Un souvenir s’immisça dans le Vide. Pas issu de sa mémoire ; issu de Lews Therin. Pour une fois, il ne s’en offusqua pas. Il canalisa aussitôt et une boule de feu enveloppa le sommet d’une colline à plus d’une lieue de là, une masse bouillonnante de flamme jaune pâle. Quand elle s’estompa, il découvrit sans l’aide de la longue-vue que la colline était maintenant plus basse et noire au sommet, comme fondue. À eux trois, peut-être les clans n’auraient-ils pas à combattre Couladin.

Ilyena, ma bien-aimée, pardonne-moi !

Le Vide trembla ; pendant un instant, Rand chancela au bord de la destruction. Des vagues du Pouvoir Unique déferlèrent en lui dans une écume de terreur ; la souillure parut se solidifier autour de son cœur, en pierre puante.

Serrant le garde-fou à en avoir les jointures douloureuses, il se força à recouvrer son calme, força le vide à demeurer en place. Après quoi, il se refusa à écouter les pensées qui lui traversaient la tête. À la place, se concentrant tout entier, il canalisa, brûla méthodiquement une colline après l’autre.

Se tenant bien en arrière de ce qu’il y avait de lisière d’arbres sur la crête, Mat coinçait sous son bras le nez de Pips pour que le hongre ne hennisse pas tandis qu’il observait environ un millier d’Aiels qui, au sud, progressaient en diagonale à travers les collines du sud dans sa direction.
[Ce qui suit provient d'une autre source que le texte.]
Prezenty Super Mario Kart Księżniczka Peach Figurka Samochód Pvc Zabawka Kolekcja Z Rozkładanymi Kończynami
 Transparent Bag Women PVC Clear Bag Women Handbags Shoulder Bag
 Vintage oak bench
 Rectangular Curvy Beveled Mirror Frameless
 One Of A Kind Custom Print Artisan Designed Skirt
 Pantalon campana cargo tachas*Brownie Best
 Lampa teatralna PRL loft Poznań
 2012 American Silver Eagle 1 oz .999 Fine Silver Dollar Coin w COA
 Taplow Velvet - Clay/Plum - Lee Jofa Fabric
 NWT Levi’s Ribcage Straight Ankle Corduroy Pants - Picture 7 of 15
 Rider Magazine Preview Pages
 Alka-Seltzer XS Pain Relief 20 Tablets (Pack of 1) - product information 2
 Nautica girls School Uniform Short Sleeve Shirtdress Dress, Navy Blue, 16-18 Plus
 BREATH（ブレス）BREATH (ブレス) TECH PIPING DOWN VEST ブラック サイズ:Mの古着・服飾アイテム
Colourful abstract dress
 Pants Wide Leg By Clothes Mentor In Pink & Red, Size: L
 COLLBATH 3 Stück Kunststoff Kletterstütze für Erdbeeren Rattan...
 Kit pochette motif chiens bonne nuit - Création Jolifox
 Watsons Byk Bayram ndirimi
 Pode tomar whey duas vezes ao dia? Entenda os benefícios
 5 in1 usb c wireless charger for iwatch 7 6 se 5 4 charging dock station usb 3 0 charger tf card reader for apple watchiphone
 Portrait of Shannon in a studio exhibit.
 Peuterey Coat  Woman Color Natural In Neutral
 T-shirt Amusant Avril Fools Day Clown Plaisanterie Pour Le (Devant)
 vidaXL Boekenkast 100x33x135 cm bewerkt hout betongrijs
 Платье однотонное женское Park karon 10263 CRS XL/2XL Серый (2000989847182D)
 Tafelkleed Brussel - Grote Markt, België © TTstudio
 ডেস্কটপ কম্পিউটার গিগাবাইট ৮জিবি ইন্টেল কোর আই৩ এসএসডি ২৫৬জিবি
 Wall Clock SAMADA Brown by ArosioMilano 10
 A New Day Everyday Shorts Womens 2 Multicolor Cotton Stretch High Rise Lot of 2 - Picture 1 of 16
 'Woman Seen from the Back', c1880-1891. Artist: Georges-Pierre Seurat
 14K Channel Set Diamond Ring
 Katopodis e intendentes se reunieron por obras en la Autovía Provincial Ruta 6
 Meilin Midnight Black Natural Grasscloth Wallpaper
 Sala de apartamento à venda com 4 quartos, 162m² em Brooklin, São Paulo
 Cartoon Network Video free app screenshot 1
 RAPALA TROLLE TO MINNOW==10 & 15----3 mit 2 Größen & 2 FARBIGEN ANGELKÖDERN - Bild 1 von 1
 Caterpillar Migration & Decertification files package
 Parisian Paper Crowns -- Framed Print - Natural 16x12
Le soleil qui apparaissait juste au-dessus de l’horizon projetait de longues ombres ondulantes sur un côté de cette masse qui avançait au pas gymnastique. La tiédeur de la nuit commençait déjà à céder devant la chaleur du jour. L’air serait étouffant dès que le soleil aurait gagné un peu de hauteur. Mat se sentait commencer à transpirer.

Les Aiels ne l’avaient pas encore repéré, mais il ne doutait guère qu’ils le verraient s’il attendait là plus longtemps. Peu importait qu’ils soient très probablement les guerriers de Rand – si Couladin avait des hommes au sud, la journée promettait d’être très intéressante pour ceux qui auraient la stupidité de se trouver au cœur de la bataille – cela importait peu parce qu’il n’avait pas l’intention de courir le risque de les laisser déceler sa présence. Il était déjà venu trop près d’une flèche ce matin pour commettre pareille imprudence. D’un geste machinal, il tâta l’entaille bien nette sur l’épaule de son surcot. Bon tir, sur une cible mouvante entr’aperçue au milieu des arbres. Il l’admirerait davantage n’aurait-il pas été cette cible.